所有这些小说的故事情节都很淡,没有什么大起大落,也没有什么惊人的转折。但这绝不意味着平淡。作者不厌其烦地渲染气氛,给文字加上一层层的滤镜,还有背景音乐,甚至一些象征意义的特写镜头。作者在环境塑造方面非常执着,可以说得上是不厌其烦,一定在气氛上做足文章来推动故事进程。这是王占黑偏爱的试图与文艺电影对应的美学。

早期的《空响炮》和《街道英雄》里,书中人物都还活跃在自己原本所处的环境中。即使随着时代变化,行为中的一些怪异元素凸显出来,但每个人都还是生龙活虎,令人羡慕。很多年长读者把王占黑的作品作为轻喜剧来阅读。但随着作者视角转移,这些英雄不得不出走街道以后,他们身上的生气似乎顿时消失了。《空响炮》

《空响炮》

但是这些出走街道的人,仍然拥有街道留在身上的烙印,比如李清水这个湿漉漉的名字,比如大黑鱼身上总也洗不掉的鱼腥气,他们自己也总是然想通过抓住一些什么东西,重建自我,重新体验原本的精气神。但这是很难的。出走街道以后,他们只有很偶然的在一些城里人习以为常的环境下,通过本能和直觉,让自己的某些特质在一刹那苏醒过来。

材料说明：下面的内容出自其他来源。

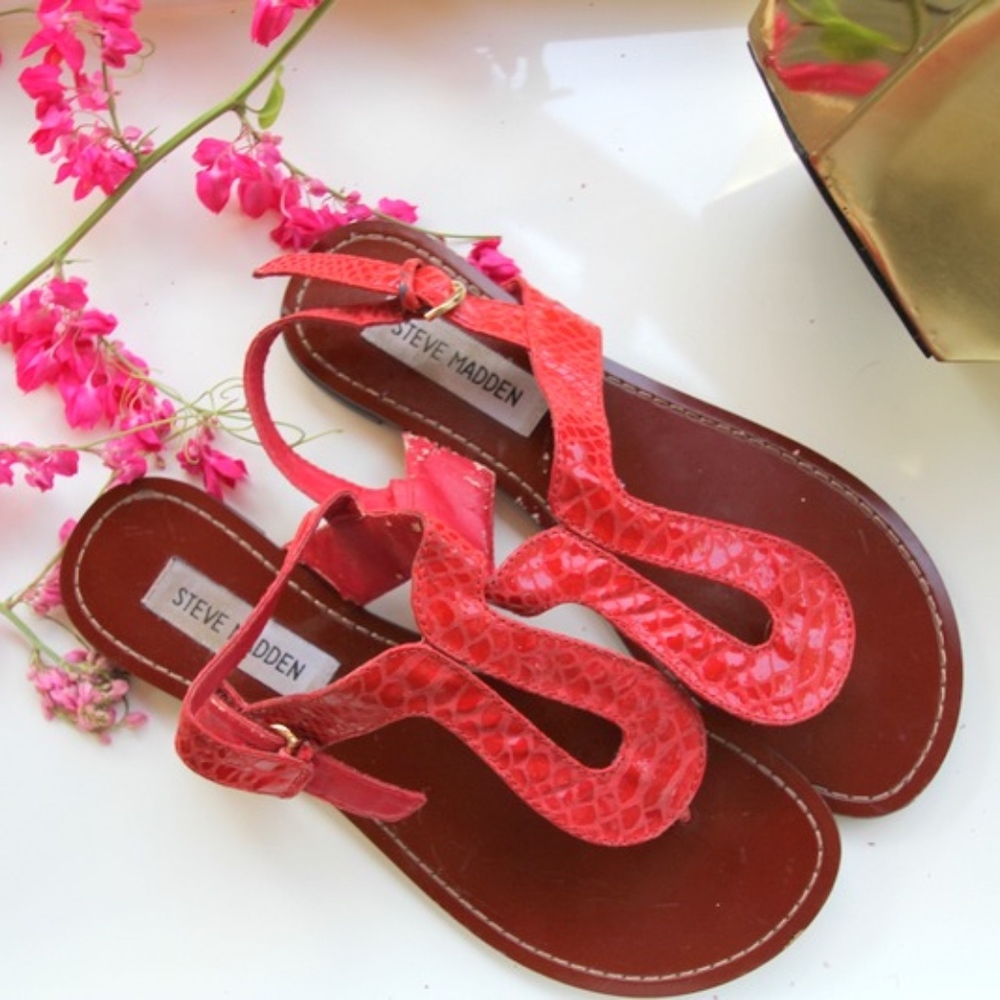 STEVE MADDEN Snakeskin Sandals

这里充满了无奈,出走街道的英雄就像失去了灵魂一样,走路都没有原本踏实。这种隐含的对于现代性的批判,很克制,但力量也很强大。

二、隐喻

王占黑不愿意摆弄悬疑情节,但特别喜欢隐喻。有好几种隐喻在各个文本里反复出现,水的意象是其中最突出的一个,似乎可以视作所有隐喻的母本。她最近的几个中篇,几乎每一个都与水有关。《黑鱼的故事》、《清水落大雨》就不用说了,《痴子》讲述的是河浜边几个残疾人的故事,几个关键情节、关键场景,全都发生在水边。而《潮间带》更是如此,直接以一个水边的暗喻来命名。这些细节都反映出王占黑对于水这个意象的迷恋。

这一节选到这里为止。